Fig. 6. Response time (RT) at different levels of evidence for rule-guided actions.

a Monkeys’ RT is shown in eC (a correct trial preceded by an error trial; e = error, C = correct), ecC and eccC trial sequences. RT was calculated in the current correct trial (upper case C) depending on the history (lower case letters). In Control monkeys, RT was the longest in eC trials, when the lowest level of evidence exists to guide rule-based action selection, however it was shorter in ecC and eccC trials. Compared to Control monkeys, ACC-lesioned monkeys had a shorter RT in all trial types (F(1140) = 105.69), however the difference in RT between Control and ACC-lesioned monkeys was the largest in eC trials (the lowest level of evidence). b A similar pattern of evidence-dependent modulation of RT was seen in the DLPFC-lesioned monkeys (F(1140) = 105.39). c Evidence-dependent modulation of RT was seen in OFC-lesioned monkeys, however their RT was longer at all evidence levels in the post-lesion testing (F(1,42) = 33.32). d Evidence-dependent modulation of RT was seen in sdlPFC-lesioned monkeys, however their RT was shorter at all evidence levels in the post-lesion testing (F(1,42) = 4.19). Evidence-dependent modulation of RT was seen in frontopolar-lesioned (F(1,56) = 0.86) (e) and PCC-lesioned monkeys (F(1,42) = 7.77) (f). The p value shows the interaction between the Lesion and Evidence (eC/ecC/eccC) factors in the ANOVA. Data are presented as mean values ± SEM. All comparisons were two-sided. Dorsolateral prefrontal cortex (DLPFC), anterior cingulate cortex (ACC), orbitofrontal cortex (OFC), superior dorsal-lateral prefrontal cortex (sdlPFC), posterior cingulate cortex (PCC).

Fig. 7. Drifting model predicting the consequence of lesions in ACC, DLPFC and OFC on RT variability.

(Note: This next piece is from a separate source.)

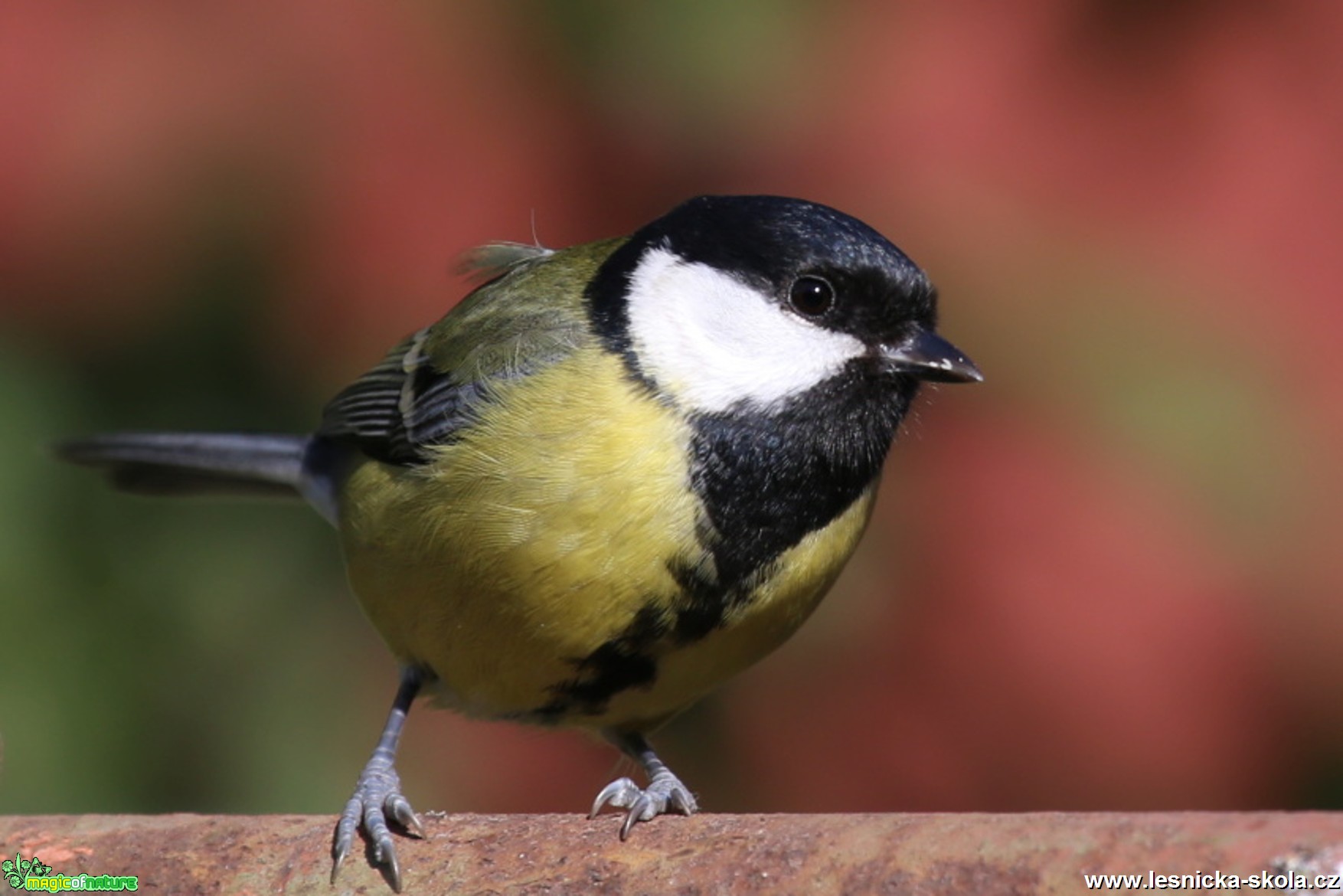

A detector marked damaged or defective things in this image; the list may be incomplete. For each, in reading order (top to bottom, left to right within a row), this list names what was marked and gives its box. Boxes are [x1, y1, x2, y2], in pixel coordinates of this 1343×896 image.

rusty metal surface [2, 815, 1341, 888]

The two cases of drifting model performance in which the rate of evidence accumulation is the highest (a) and the lowest (b). The black and red oblique lines represent the drift rate for Control and ACC-lesioned monkeys, respectively. The explanation is given for ACC-lesioned monkeys, but can also be considered for the DLPFC-lesioned monkeys. The abscissae and ordinate represent the time and the amount of accumulated evidence for a particular response, respectively. The model assumes that the evidence for each response is accumulated constantly toward the decision threshold and a response is made when the accumulated evidence reaches the threshold. We assume that the decision threshold is significantly lower in the ACC-lesioned monkeys (D-ACC: red dotted line) as compared with that in the control monkeys (D-control: blue dotted line). The distance between the two same-color vertical lines indicates the magnitude of RT difference (bidirectional horizontal arrows) within a session. The difference depicted for the ACC-lesioned group (the light red region) is smaller than the difference for the Control group (the light blue region). This scheme is consistent with the results presented in Figs. 2a and 6a. c The black and red oblique lines represent the drift rate before and after OFC lesion, respectively when the rate of evidence accumulation is the highest (c) and the lowest (d). Decision threshold in OFC-lesioned monkeys (D-OFC) is shown with blue dotted line. We assume that the evidence accumulation is significantly impaired after OFC lesion, which would manifest as slower drift rates (red lines) at different levels of available evidence, compared to the pre-lesion state (black lines). The RT difference after OFC lesion (the light red region) is larger than the difference before OFC lesion (the light blue region). This scheme is consistent with the results presented in Figs. 2e, and 6c. Refer to Supplemental material: ‘Computational background of Fig. 7’ for the computational background. Dorsolateral prefrontal cortex (DLPFC), anterior cingulate cortex (ACC), orbitofrontal cortex (OFC).